With one full day of campaigning left before Republican voters in Illinois go to the polls in the Land of Lincoln, the relative strength and weaknesses of the four remaining major GOP candidates are clearly defined by what they are doing today.
Mitt Romney is the favorite in Illinois and has spent the last few days rumbling around the state looking to lock down another major midwestern state in his column; Romney begins his Monday in the state capital of Springfield and heads later to Chicago.
Rick Santorum will be barnstorming his way around the state, going to Rockford, Dixon, Moline and East Peoria. Polls show Santorum about 5-7 points behind Romney here, once more being substantially outspent when it comes to radio and television ads.
As for Newt Gingrich, he took the weekend off from the campaign trail and won't exactly be back on track today, as Gingrich holds only a fund raising event in Shreveport, Louisiana later on Monday.

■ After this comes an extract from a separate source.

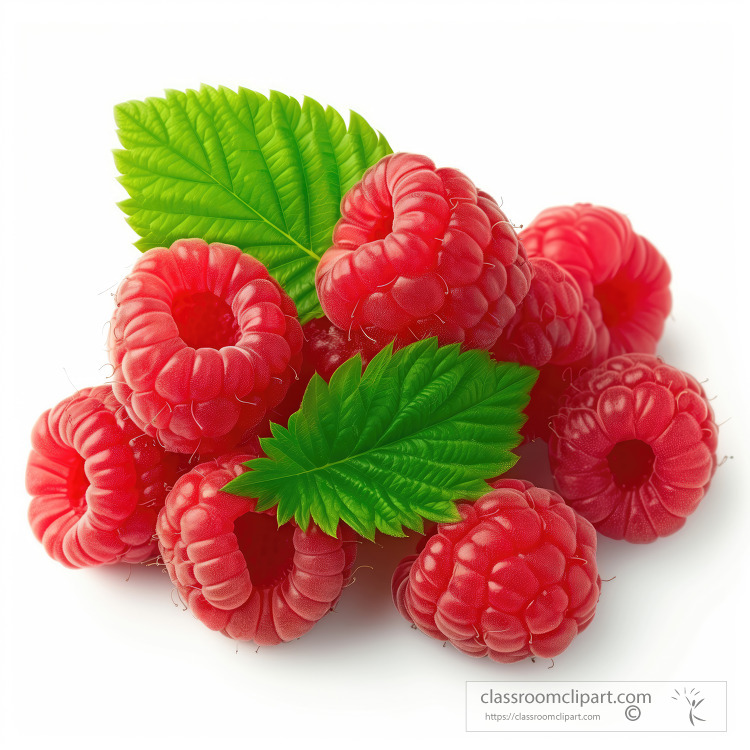 detailed image of a bunch of raspberries vibrant green leaves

Louisiana votes this coming Saturday; Santorum spent all of Sunday in the Bayou State in hopes of finding victory later this week.
While Gingrich basically took three days off from campaigning, Ron Paul hasn't been seen on the campaign trail since last Thursday, when he had a large rally at the University of Missouri.
Paul held only one event in Illinois last Wednesday, and at this point his campaign has nothing publicly scheduled in coming days.
So, at this point, Paul has not had a campaign event in four days. That has been Paul's basic schedule in recent weeks, which isn't exactly what one might expect during a busy time in this GOP race.
Since last Tuesday's double wins in Alabama and Mississippi, Santorum has campaigned every day with events in Louisiana, Illinois, Missouri and Puerto Rico.
Romney has not held as many events as Santorum, but has been in Missouri, Ilinois and Puerto Rico.
Paul did not campaign at all in Alabama and Mississippi; he did have one day in both Missouri and Illinois last week.
Gingrich campaigned for three days in Louisiana.
Last night, Gingrich was having dinner with his wife in Washington, D.C., over a thousand miles from Shreveport, Louisiana.
That really didn't seem like a place to meet many primary voters in the Bayou State.